社交ダンスをオリンピックの正式種目に、と言われて久しくなるが未だ実現までは至ってない。社交ダンス界がオリンピック正式種目を目指すようになってから50年近いらしい。私がプロになってからだけでも度々正式種目になるかもと盛り上がったが結果選ばれず、その都度がっかりした。


それどころかこのオリンピックを巻き込んでダンス界は大変な事になってしまった。
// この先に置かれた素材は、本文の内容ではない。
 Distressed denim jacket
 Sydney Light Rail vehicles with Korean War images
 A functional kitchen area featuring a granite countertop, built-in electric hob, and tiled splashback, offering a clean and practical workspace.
ブラックプールやUK戦など伝統ある競技会を行ってきたおおもとの伝統ある団体WDCと、オリンピックをアマチュアだけでやりたいとするアマチュアを主体とする団体WDSF、世界が2つの団体に分裂してしまったのだ。



さらにその数年後、元々アマチュアだけでやりたいとしていたWDSFがプロ部門を作ったものだから事態はもっと複雑になってしまった。



かくして相入れない2つの団体が誕生し、選手はどちらかの団体を選ばないといけなくなり、日本も世界の流れに巻き込まれるようにWDSF傘下のJDSFWDC傘下のJBDFJDCJCFなどに分かれているというのが現在の状況だ。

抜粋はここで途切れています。